The classical definition of a rhizome is a horizontal, root-like stem
that extends underground and sends out shoots to the surface.
Rhizomes connect plants in a living network.
Rhizome is also a figurative term used by Gilles Deleuze and Felix Guattari
to describe non-hierarchical networks of all kinds. Here are a few quotations
from their seminal book, A
Thousand Plateaus.
"A rhizome as subterranean stem is absolutely different from roots and
radicles. Bulbs and tubers are rhizomes. Plants with roots or radicles
may be rhizomorphic in other respects altogether: the question is whether
plant life in its specificity is not entirely rhizomatic. Even some animals
are, in their pack form. Rats are rhizomes... The rhizome itself assumes
very diverse forms, from ramified surface extension in all directions
to concretion into bulbs and tubers... We get the distinct feeling that
we will convince no one unless we enumerate certain approximate characteristics
of the rhizome." -p. 7
"A rhizome ceaselessly establishes connections between semiotic chains,
organization of power, and circumstances relative to the arts, sciences,
and social struggles." -p.7
"Multiplicities are rhizomatic, and expose arborescent pseudomultiplicities
for what they are." -p. 8
"The rhizome is an antigenealogy." -p. 11
"Write, form a rhizome, increase your territory by deterritorialization,
extend the line of flight to the point where it becomes an abstract machine
covering the entire plane of consistency." -p. 11
"We're tired of trees." -p. 15
"To these centered systems [arborescent structures], the authors contrast
acentered systems, finite networks of automata in which communication
runs from any neighbor to another, the stems or channels do not preexist,
and all individuals are interchangeable, defined only by their state
at a given moment--such that the local operations are coordinated and
the final, global result synchronized without a central agency." -p. 17
"Let us summarize the principal characteristics of a rhizome: unlike
trees or their roots, the rhizome connects any point to any other point,
and its traits are not necessarily linked to traits of the same nature;
it brings into play very different regimes of signs, and even nonsign
states.

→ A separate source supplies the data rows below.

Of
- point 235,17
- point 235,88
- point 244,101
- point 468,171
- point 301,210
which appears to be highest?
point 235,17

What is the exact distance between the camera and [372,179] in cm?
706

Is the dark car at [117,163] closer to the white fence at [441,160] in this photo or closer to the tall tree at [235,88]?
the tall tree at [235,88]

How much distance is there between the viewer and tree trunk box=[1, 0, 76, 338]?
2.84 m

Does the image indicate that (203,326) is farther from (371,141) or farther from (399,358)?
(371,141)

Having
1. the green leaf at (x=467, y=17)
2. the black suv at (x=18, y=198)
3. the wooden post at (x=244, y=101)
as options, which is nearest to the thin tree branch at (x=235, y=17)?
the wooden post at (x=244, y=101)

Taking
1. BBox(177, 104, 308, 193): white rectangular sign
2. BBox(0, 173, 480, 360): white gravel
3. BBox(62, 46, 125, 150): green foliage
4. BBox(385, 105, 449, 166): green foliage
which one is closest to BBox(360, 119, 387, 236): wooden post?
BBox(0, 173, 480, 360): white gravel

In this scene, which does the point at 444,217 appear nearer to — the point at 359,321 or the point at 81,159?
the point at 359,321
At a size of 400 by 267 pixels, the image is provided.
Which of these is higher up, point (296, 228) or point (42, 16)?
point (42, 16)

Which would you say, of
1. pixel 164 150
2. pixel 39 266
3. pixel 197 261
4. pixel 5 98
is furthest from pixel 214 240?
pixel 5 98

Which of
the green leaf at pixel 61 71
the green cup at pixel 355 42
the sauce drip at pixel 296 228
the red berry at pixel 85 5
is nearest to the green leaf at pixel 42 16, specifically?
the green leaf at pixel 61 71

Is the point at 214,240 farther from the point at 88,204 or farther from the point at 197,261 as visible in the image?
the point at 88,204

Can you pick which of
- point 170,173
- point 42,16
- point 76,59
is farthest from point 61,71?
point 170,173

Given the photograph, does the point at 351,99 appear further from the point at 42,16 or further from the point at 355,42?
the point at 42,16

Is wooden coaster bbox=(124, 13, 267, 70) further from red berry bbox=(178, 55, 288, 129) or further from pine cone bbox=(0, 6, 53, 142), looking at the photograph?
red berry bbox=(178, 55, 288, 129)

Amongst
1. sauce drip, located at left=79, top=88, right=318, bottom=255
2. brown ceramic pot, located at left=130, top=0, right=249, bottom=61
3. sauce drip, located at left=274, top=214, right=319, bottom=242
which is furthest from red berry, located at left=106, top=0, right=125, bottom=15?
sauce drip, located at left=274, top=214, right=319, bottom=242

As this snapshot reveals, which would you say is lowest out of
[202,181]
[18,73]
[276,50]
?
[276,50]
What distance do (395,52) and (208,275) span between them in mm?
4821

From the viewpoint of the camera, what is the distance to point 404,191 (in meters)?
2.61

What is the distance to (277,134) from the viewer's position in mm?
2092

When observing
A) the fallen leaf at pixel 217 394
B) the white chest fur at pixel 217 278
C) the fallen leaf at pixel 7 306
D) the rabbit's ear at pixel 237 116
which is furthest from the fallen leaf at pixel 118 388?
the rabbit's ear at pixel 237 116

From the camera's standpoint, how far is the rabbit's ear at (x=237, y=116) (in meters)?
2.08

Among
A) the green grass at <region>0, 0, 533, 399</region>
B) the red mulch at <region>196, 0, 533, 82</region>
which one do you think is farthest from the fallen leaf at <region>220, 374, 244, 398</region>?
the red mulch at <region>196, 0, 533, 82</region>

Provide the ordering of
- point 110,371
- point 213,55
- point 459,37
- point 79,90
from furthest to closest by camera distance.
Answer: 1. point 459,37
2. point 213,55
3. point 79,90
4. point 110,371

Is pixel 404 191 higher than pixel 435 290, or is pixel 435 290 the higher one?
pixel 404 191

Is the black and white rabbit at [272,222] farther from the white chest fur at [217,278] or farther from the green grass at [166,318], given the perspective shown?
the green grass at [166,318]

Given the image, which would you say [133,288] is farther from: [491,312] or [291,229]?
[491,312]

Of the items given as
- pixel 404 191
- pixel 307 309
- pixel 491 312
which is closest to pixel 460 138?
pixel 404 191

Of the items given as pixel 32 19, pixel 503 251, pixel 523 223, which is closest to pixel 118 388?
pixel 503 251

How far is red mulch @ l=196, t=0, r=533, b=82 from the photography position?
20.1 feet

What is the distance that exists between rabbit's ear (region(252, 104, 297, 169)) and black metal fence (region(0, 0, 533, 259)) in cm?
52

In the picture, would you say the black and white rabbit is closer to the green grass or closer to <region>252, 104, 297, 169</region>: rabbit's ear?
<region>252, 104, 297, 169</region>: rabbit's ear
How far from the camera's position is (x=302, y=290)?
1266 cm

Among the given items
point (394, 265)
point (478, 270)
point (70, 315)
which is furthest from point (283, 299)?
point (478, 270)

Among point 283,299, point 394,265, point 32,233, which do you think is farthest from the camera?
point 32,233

The rhizome is reducible neither to the One nor the multiple...
It is composed not of units but of dimensions, or rather directions in
motion." -p. 21
"Unlike the tree, the rhizome is not the object of reproduction, neither
external reproduction as image-tree nor internal reproduction as tree-structure.

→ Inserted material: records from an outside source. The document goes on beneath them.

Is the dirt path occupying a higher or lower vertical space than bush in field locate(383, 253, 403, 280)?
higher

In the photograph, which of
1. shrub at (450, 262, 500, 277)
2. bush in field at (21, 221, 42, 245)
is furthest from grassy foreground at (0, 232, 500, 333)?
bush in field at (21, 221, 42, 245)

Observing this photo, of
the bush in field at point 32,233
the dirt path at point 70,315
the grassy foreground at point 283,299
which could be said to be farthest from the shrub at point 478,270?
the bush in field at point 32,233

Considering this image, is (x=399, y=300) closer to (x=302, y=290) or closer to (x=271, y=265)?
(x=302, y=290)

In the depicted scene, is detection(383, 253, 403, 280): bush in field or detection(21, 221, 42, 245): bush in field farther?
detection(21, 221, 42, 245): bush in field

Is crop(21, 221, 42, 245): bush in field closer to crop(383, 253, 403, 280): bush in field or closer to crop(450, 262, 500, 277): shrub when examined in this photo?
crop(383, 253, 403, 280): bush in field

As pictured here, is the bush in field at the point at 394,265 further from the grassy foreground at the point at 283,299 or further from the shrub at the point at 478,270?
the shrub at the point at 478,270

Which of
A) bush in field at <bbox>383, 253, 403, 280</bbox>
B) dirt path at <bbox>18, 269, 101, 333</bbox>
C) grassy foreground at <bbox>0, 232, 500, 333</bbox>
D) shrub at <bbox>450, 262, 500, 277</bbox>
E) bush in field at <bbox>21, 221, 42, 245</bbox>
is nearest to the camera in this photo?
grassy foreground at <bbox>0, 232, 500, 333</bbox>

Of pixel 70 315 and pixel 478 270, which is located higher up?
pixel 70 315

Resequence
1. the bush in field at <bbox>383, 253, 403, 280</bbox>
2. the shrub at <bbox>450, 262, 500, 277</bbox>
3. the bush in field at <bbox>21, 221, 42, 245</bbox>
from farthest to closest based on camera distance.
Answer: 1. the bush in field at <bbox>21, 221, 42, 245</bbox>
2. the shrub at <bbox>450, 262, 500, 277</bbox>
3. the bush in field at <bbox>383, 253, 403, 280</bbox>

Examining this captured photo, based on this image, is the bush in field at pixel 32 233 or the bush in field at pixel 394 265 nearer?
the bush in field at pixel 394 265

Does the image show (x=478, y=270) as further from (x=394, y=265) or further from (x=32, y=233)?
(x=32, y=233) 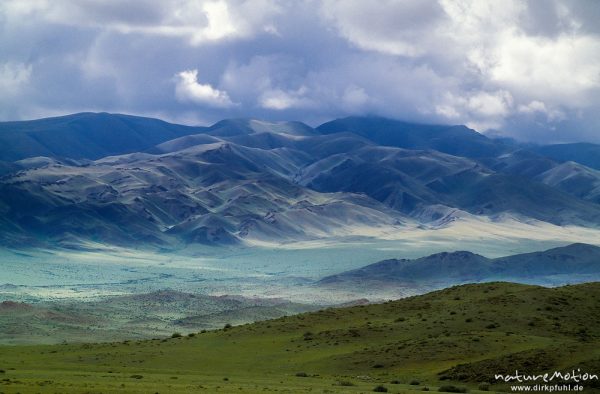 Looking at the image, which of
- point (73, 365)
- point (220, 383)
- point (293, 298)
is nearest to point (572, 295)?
point (220, 383)

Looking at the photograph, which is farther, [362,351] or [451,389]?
[362,351]

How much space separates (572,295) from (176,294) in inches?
4522

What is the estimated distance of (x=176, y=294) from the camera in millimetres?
163375

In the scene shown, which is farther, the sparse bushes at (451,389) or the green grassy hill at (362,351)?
the green grassy hill at (362,351)

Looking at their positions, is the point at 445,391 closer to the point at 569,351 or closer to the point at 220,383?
the point at 569,351

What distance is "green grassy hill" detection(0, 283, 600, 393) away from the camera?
125 ft

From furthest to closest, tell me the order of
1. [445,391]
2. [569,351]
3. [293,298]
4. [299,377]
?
[293,298]
[299,377]
[569,351]
[445,391]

The rhizome is an antigenealogy. It is a short-term memory, or antimemory.
The rhizome operates by variation, expansion, conquest, capture, offshoots.

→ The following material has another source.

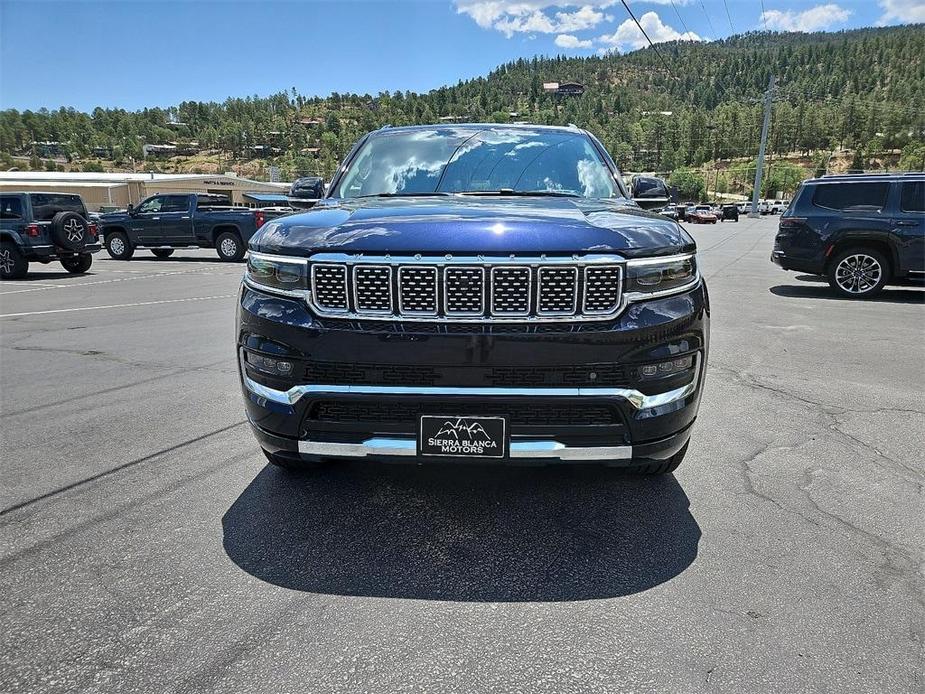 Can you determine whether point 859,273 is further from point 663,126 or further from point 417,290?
point 663,126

Unlike the graphic arts, drawing, or photography, unlike tracings, the
rhizome pertains to a map that must be produced, constructed, a map that
is always detachable, connectable, reversible, modifiable, and has multiple
entryways and exits and its own lines of flight. It is tracings that must
be put on the map, not the opposite. In contrast to centered (even polycentric)
systems with hierarchical modes of communication and preestablished paths,
the rhizome is an acentered, nonhierarchical, nonsignifying system with
a General and without an organizing memory or central automation, defined
solely by a circulation of states." -p. 21
[The quotations above are from A Thousand Plateaus: Capitalism and Schizophrenia by Gilles
Deleuze and Felix Guattari. Translated by Brian Massumi. University of
Minnesota Press, Minneapolis. 1987.]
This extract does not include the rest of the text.